All VUs finished. Total time: 12 minutes, 3 seconds

--------------------------------
Summary report @ 08:44:21(+0100)
--------------------------------

vusers.created_by_name.Fetch user data: ..................... 150000
vusers.created.total: ....................................... 150000
vusers.completed: ........................................... 150000
http.request_rate: .......................................... 2773/sec
http.requests: .............................................. 1650000
http.codes.200: ............................................. 1650000
http.responses: ............................................. 1650000
http.response_time:
  min: ...................................................... 1
  max: ...................................................... 81
  median: ................................................... 2
  p95: ...................................................... 4
  p99: ...................................................... 7

How about that? the median and 99th percentile response times are an order of magnitude lower when using Stellate, despite throwing ten times more traffic at it.

Conclusion

If you're a developer and you're worried about running into performance issues with your GraphQL APIs, it sure looks like Stellate can help with intelligent GraphQL-specific caching to reduce load on your origin server and improve the experience of users of your service.
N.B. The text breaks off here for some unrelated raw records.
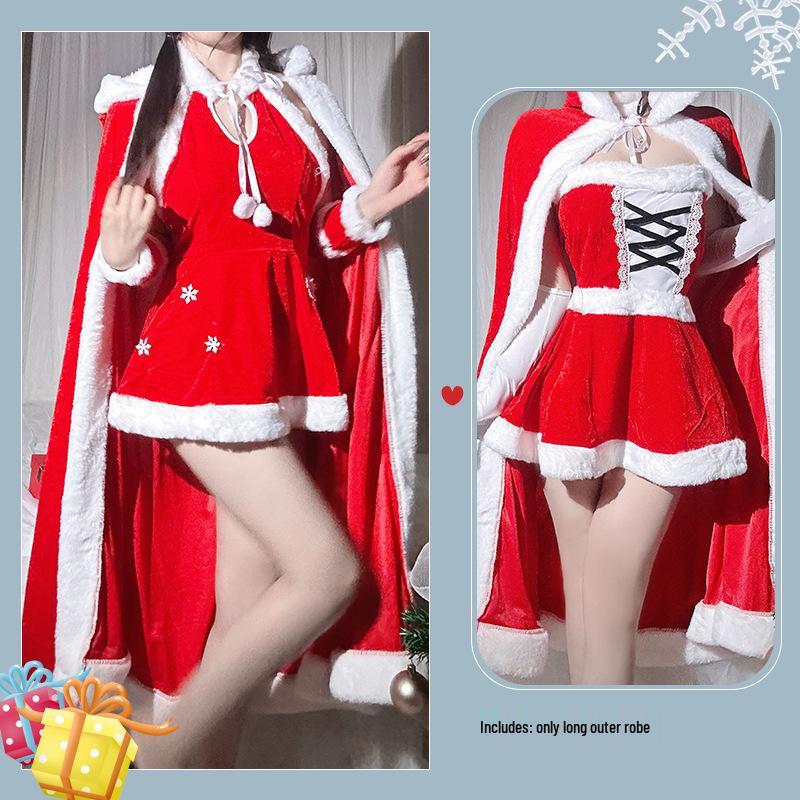 Festive Velvet Lingerie Nightgown & Role Play Set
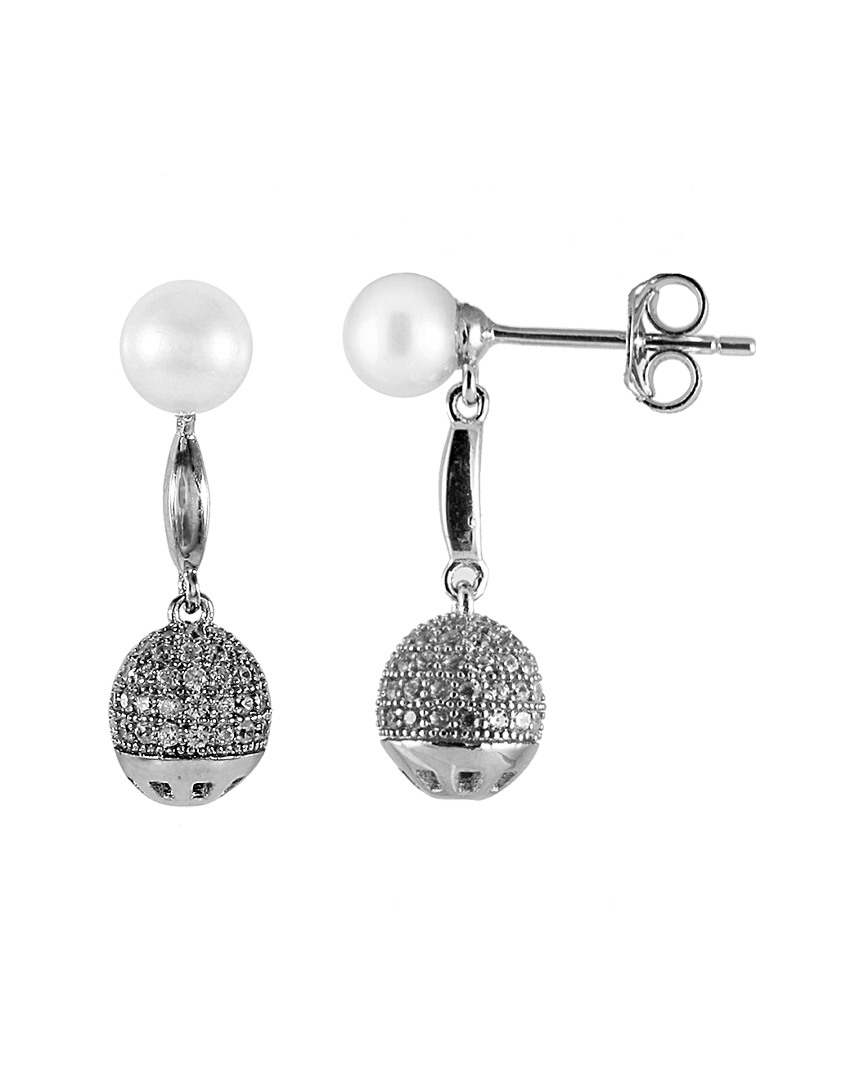 Splendid Pearls Rhodium Plated 5-5.5mm Pearl & Cz Earrings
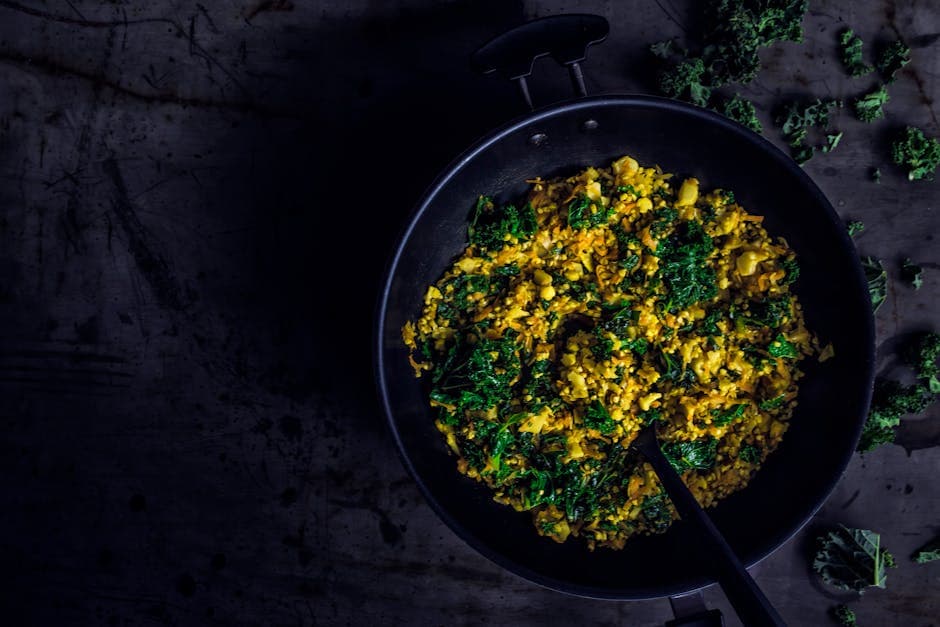 Grønnkål og adzukibønner med tamari og krydder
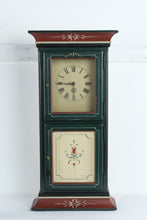 Load image into Gallery viewer, Hand Painted Folk Art Wall Clock Green Red Wooden Case Traditional Decorative Clock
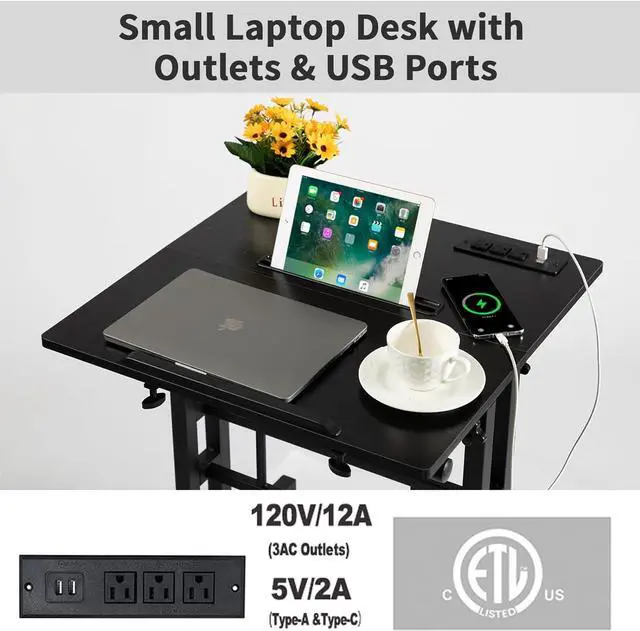 Alt view image 3 of 6 - Mobile Standing Desk with Charging Station, Adjustable Standing Computer Desk, Standing Adjustable Laptop Cart with Wheels for Home Office Classroom Black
If you're an SRE, you know that testing critical dependencies of the services you're looking after is part of Testing For Reliability. "If you haven't tried it, assume it's broken." is a a great guiding principle, which often extends to "Trust but verify" when it comes to performance & reliability claims by third-party services. Artillery is there for you for those scenarios. In this case, we've verified that Stellate is doing a stellar job.

(It goes without saying that you should always make sure to check and comply with ToS of any hosted services when it comes to load testing.)